> Problem requirements:
Return the material exactly, first line through the line containing "1040 Walnut Ave", and nothing more. Pictures stay out.

> Records supplied:
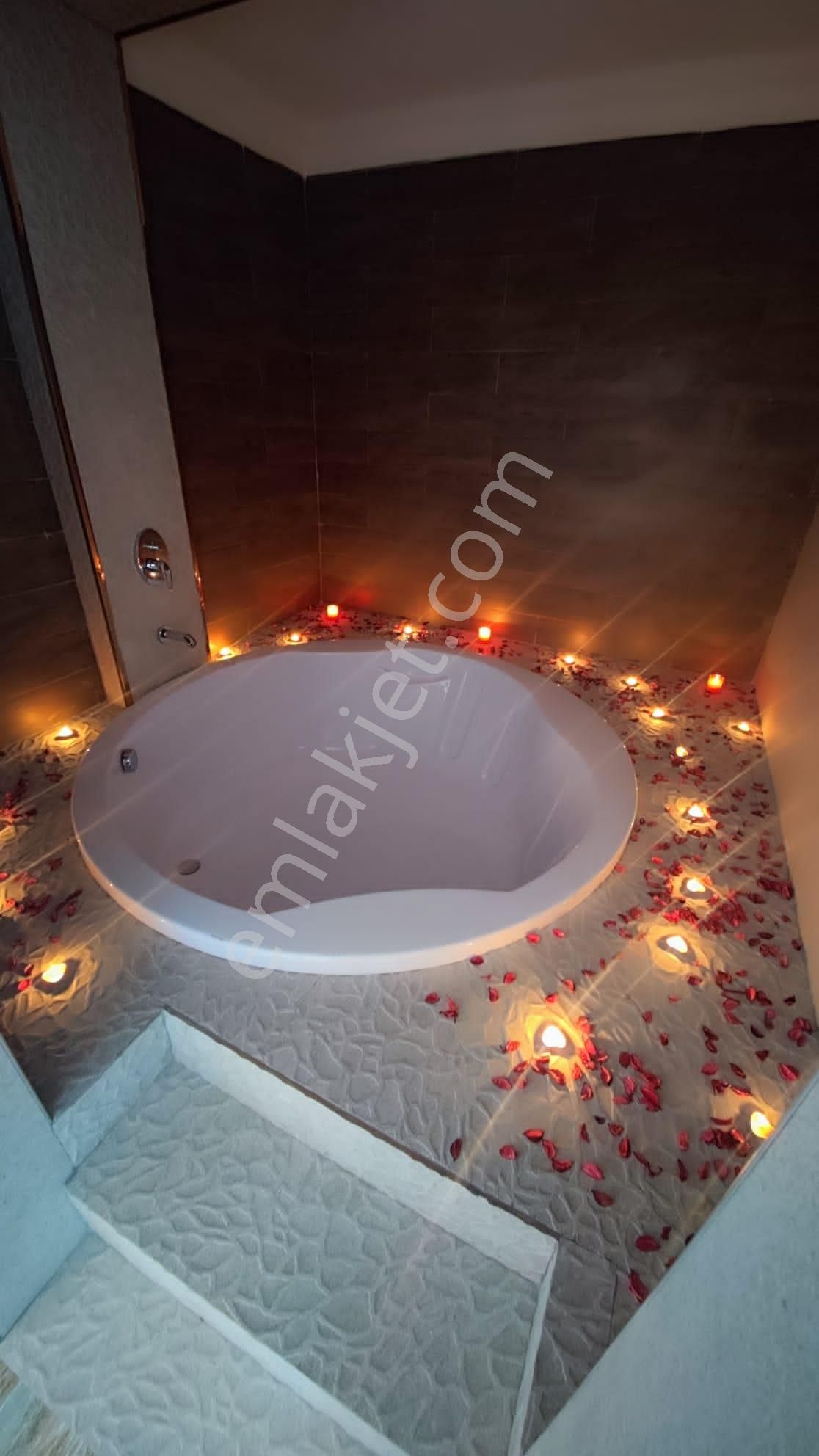 --- Reco Turızm --- Günlük Apart Daireler --- 1+1 Lüks Küvetli 165" Tv Konaklama --- - Görsel 2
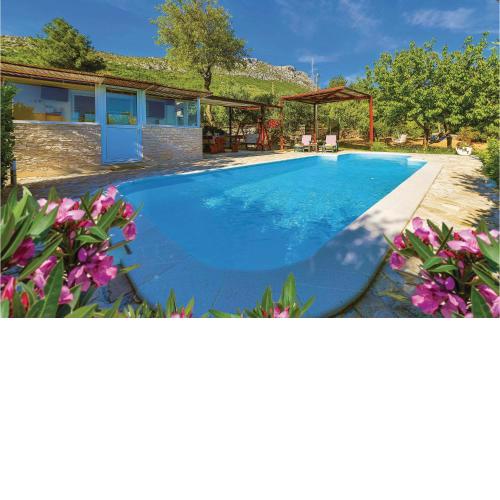 Holiday Home Kastel Kambelovac with Sea View I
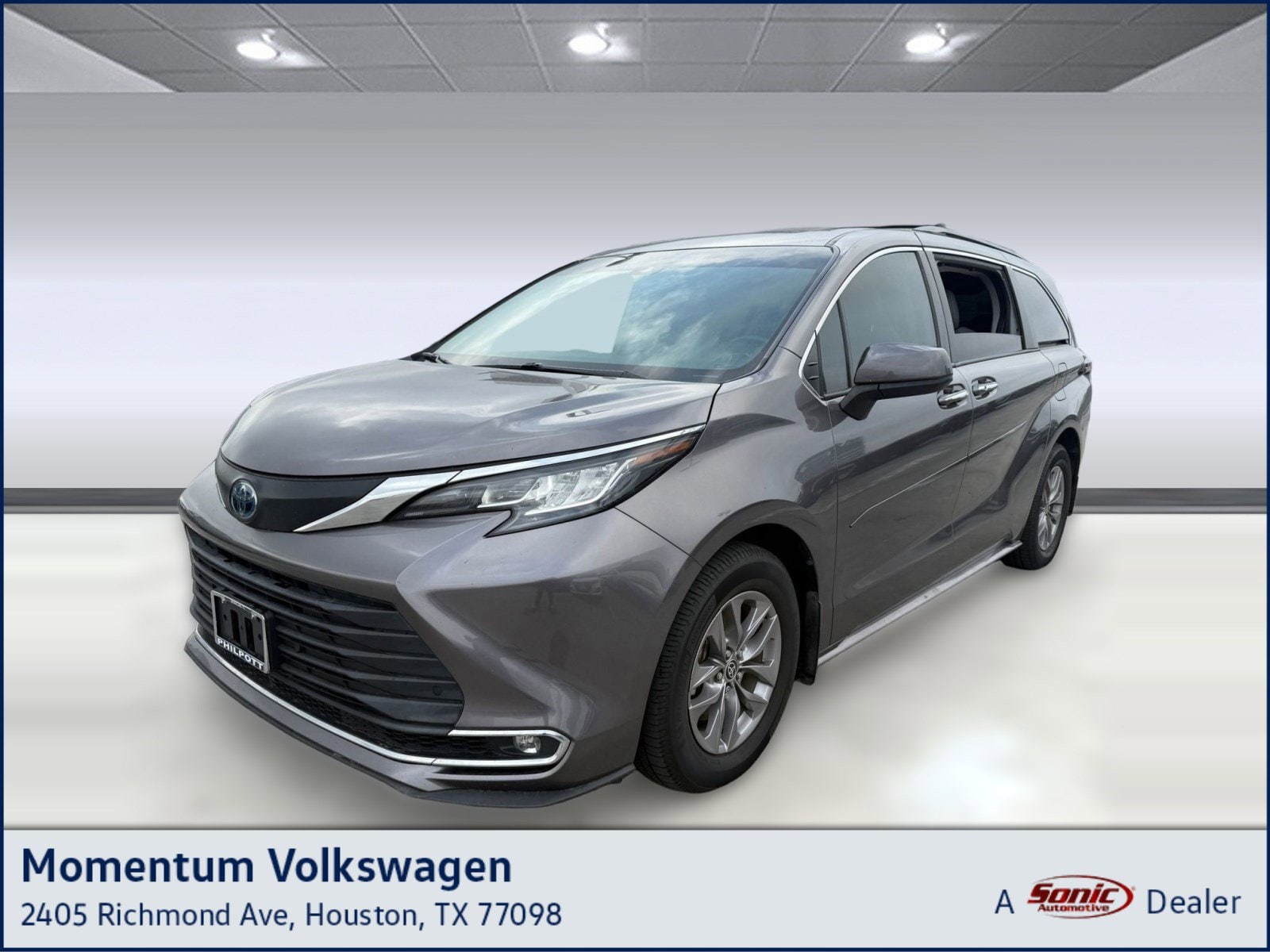 2021 Toyota Sienna XLE's photo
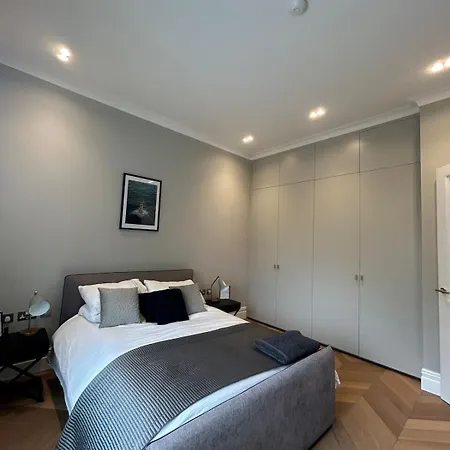 Luxury In Zone 1 Apartment London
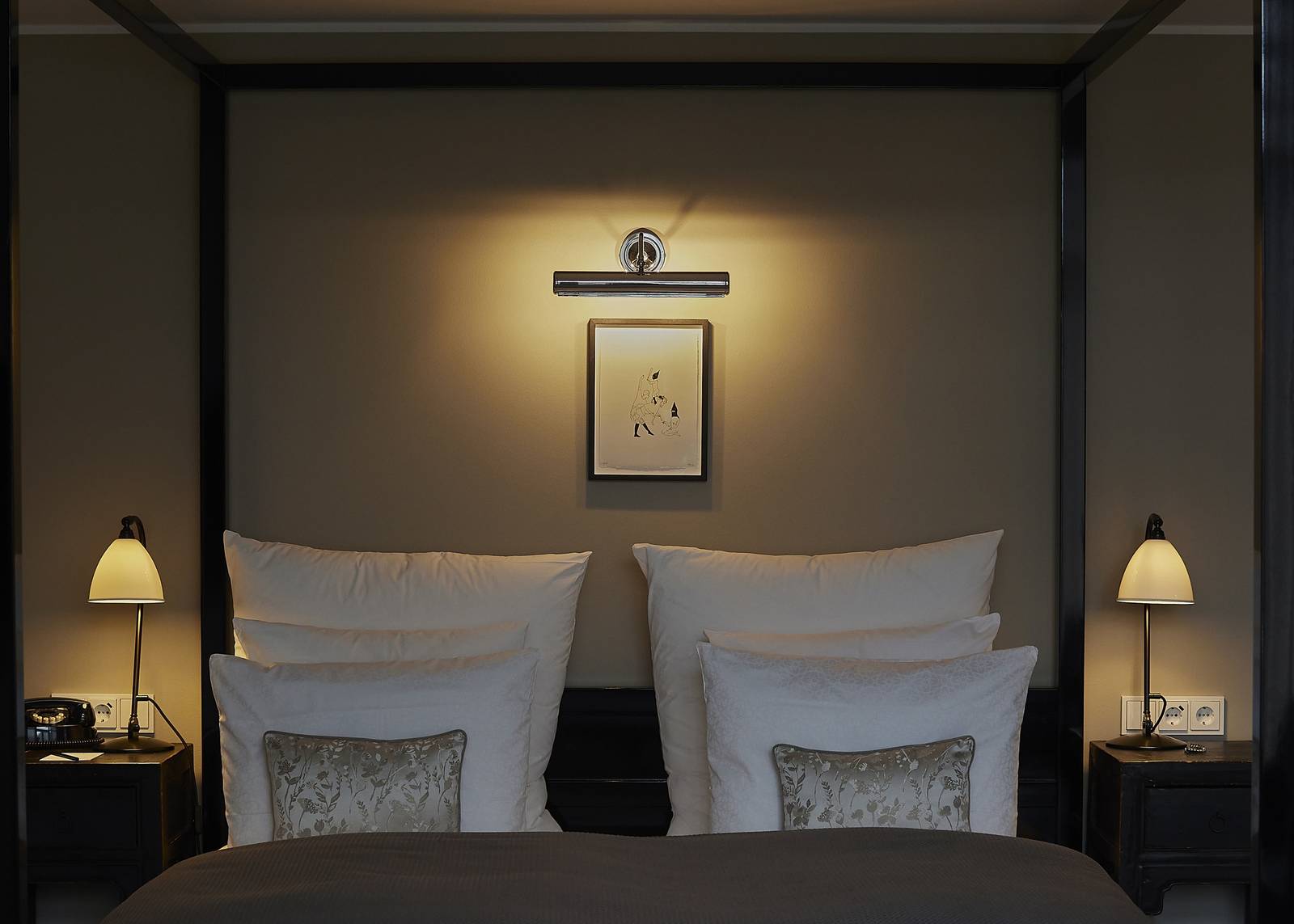 Nimb Hotel Terrace Suite 四柱床臥室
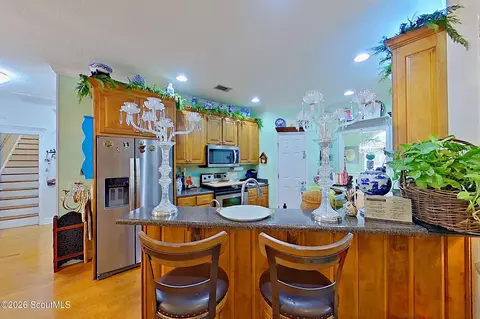 Kitchen - 3952 Golfview Dr, Blackshear, GA 31516 photo 5 of 8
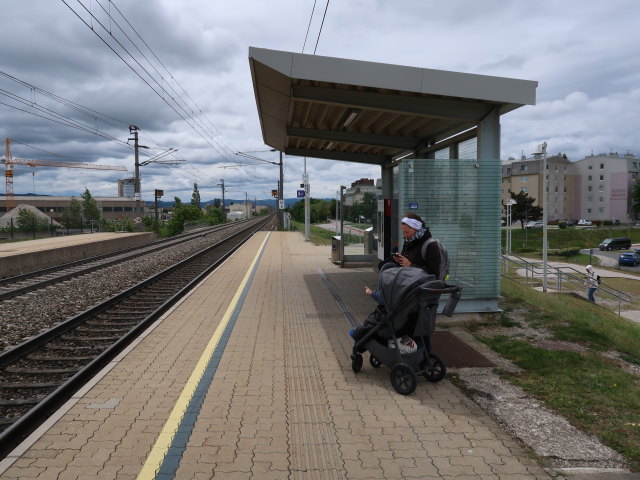 Nils und Sabine im Bahnhof Wiener Neustadt Nord, 275 m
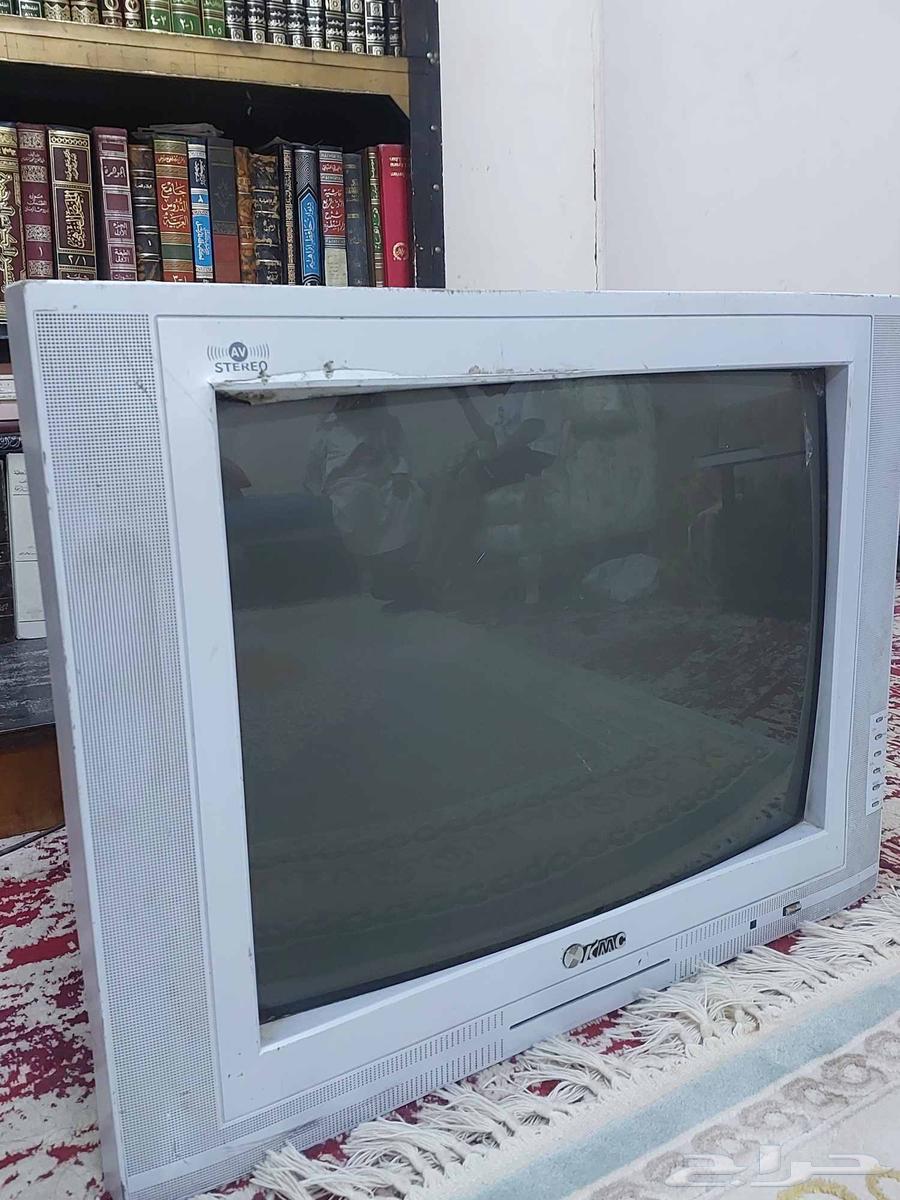 تلفزيونات قديمة للبيع64404125674369110
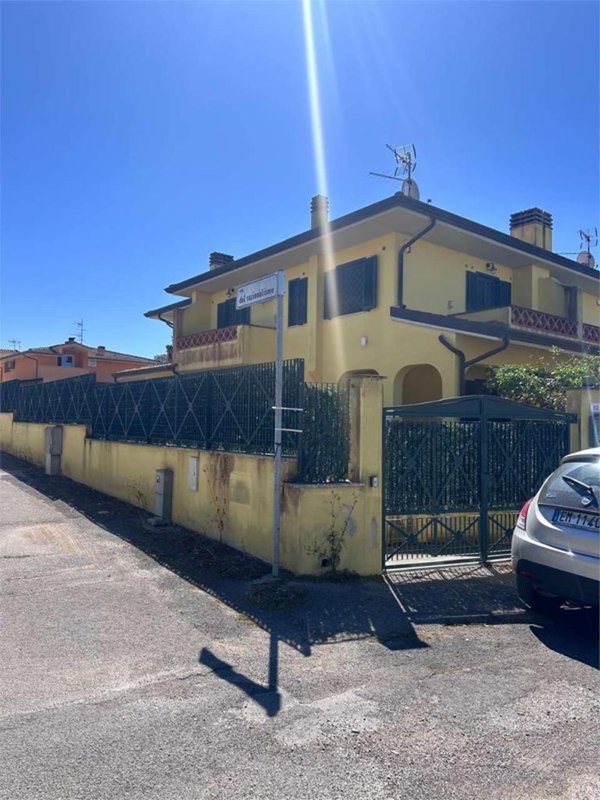 casa indipendente in vendita a Sabaudia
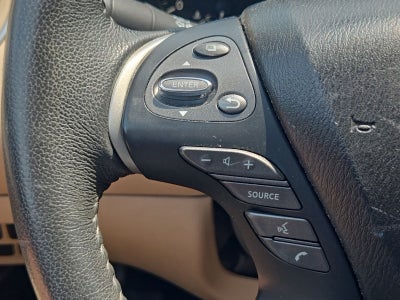 2017 Nissan Pathfinder SV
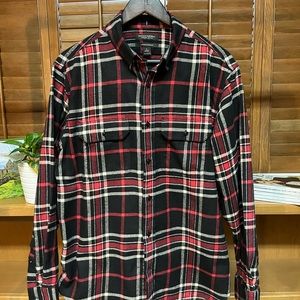 Men’s Banana Republic shirt. Barely worn. Size L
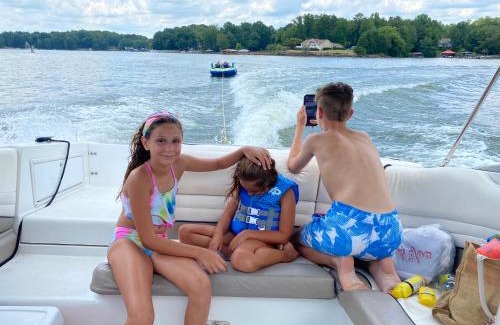 Prosperity Church Road Boat Rental | Wet anchor Tours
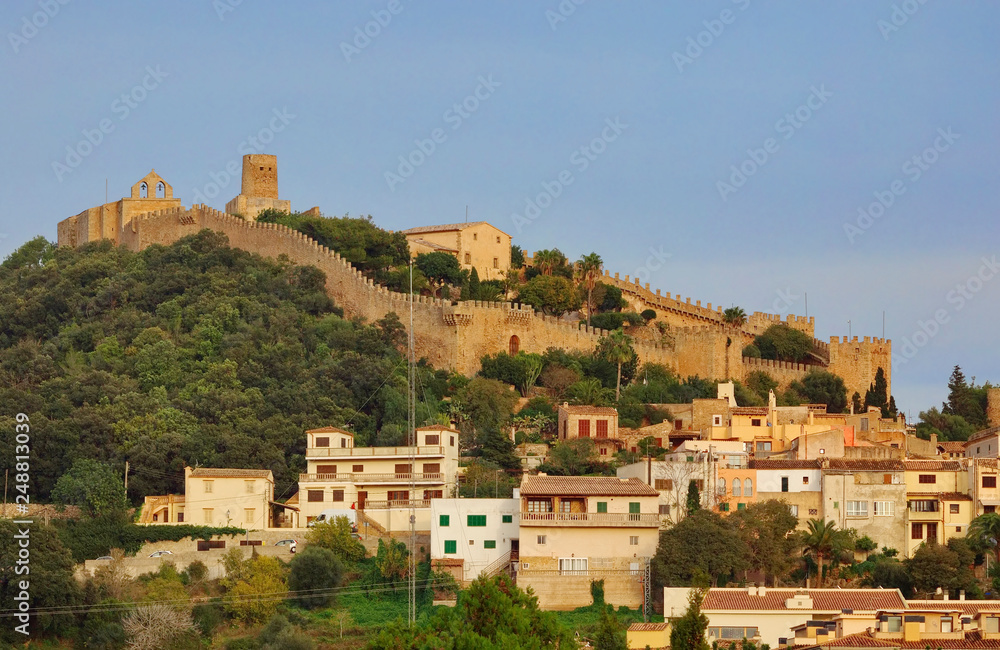 Stadt und Burg Capdepera / Mallorca / Spanien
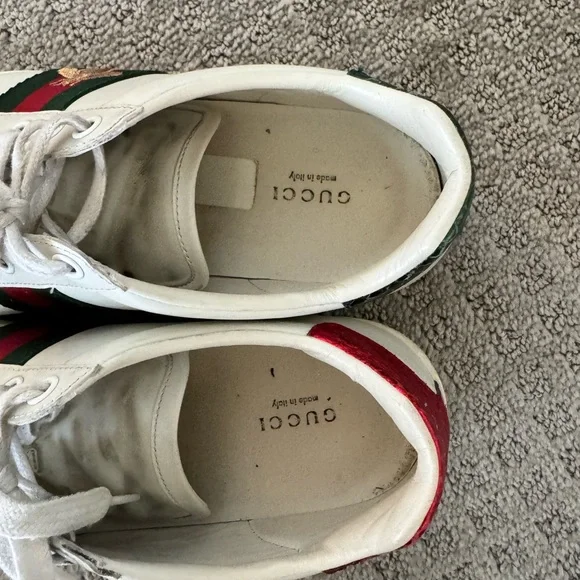 Gucci White Sneakers with Red and Green Stripes - Picture 3 of 7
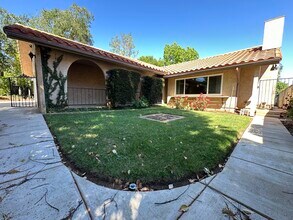 1040 Walnut Ave in Redlands, CA - Building Photo - Building Photo
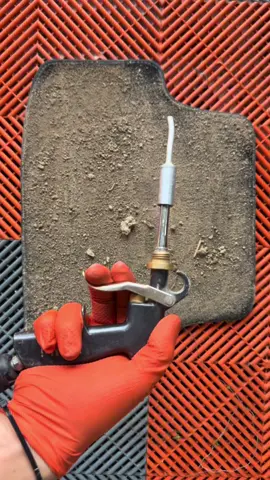 nettoyage d'une moquette remplie de sable et de terre satisfaisant et relaxant Cleaning a carpet filled with sand and dirt is satisfying and relaxing #CleanTok #cleaning #satisfying #satisfyingvideo #clean #detailing #amsr 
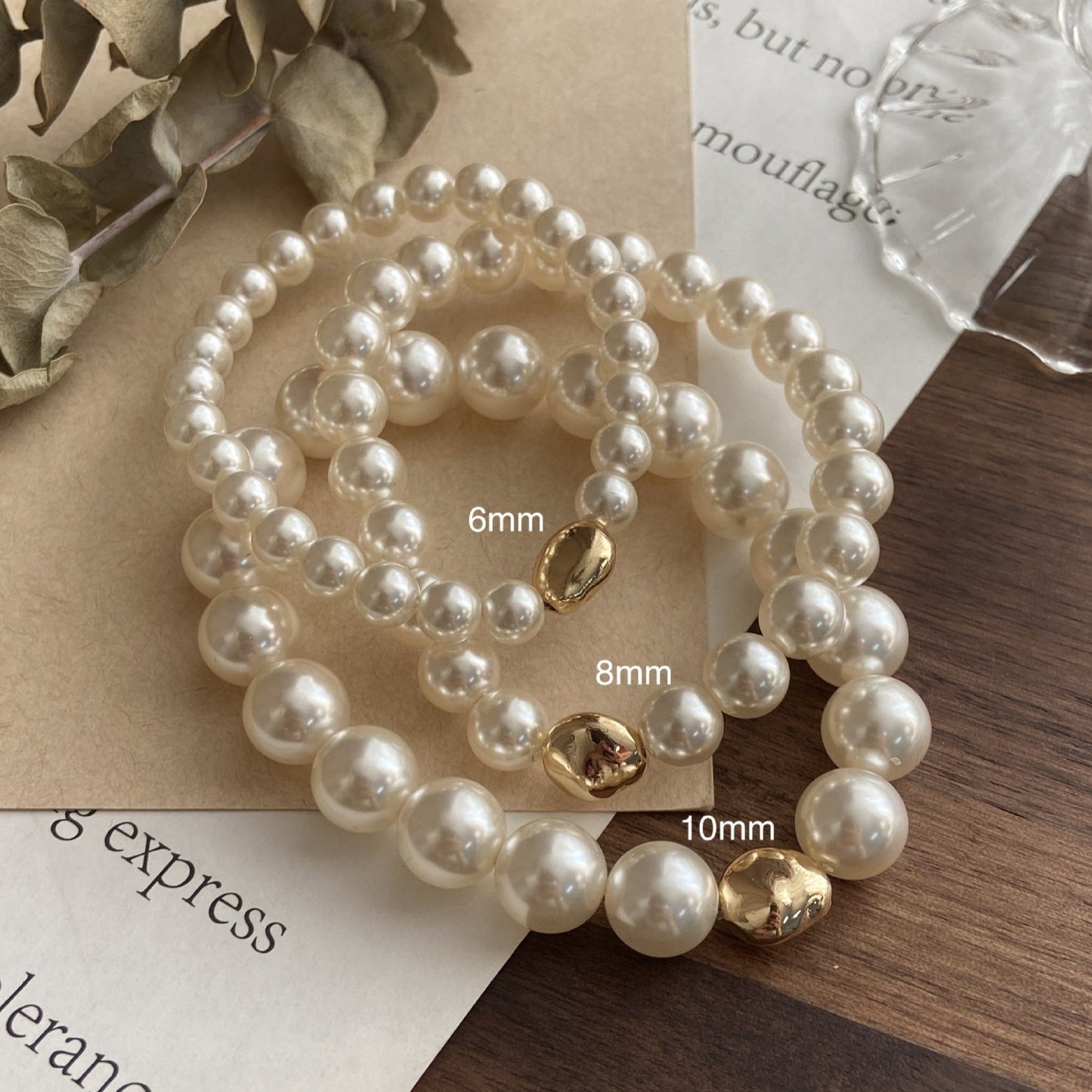 Classic vintage elastic bracelet adorned with high-quality imitation pearls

> Output:
 --- Reco Turızm --- Günlük Apart Daireler --- 1+1 Lüks Küvetli 165" Tv Konaklama --- - Görsel 2
 Holiday Home Kastel Kambelovac with Sea View I
 2021 Toyota Sienna XLE's photo
 Luxury In Zone 1 Apartment London
 Nimb Hotel Terrace Suite 四柱床臥室
 Kitchen - 3952 Golfview Dr, Blackshear, GA 31516 photo 5 of 8
 Nils und Sabine im Bahnhof Wiener Neustadt Nord, 275 m
 تلفزيونات قديمة للبيع64404125674369110
 casa indipendente in vendita a Sabaudia
 2017 Nissan Pathfinder SV
 Men’s Banana Republic shirt. Barely worn. Size L
 Prosperity Church Road Boat Rental | Wet anchor Tours
 Stadt und Burg Capdepera / Mallorca / Spanien
 Gucci White Sneakers with Red and Green Stripes - Picture 3 of 7
 1040 Walnut Ave in Redlands, CA - Building Photo - Building Photo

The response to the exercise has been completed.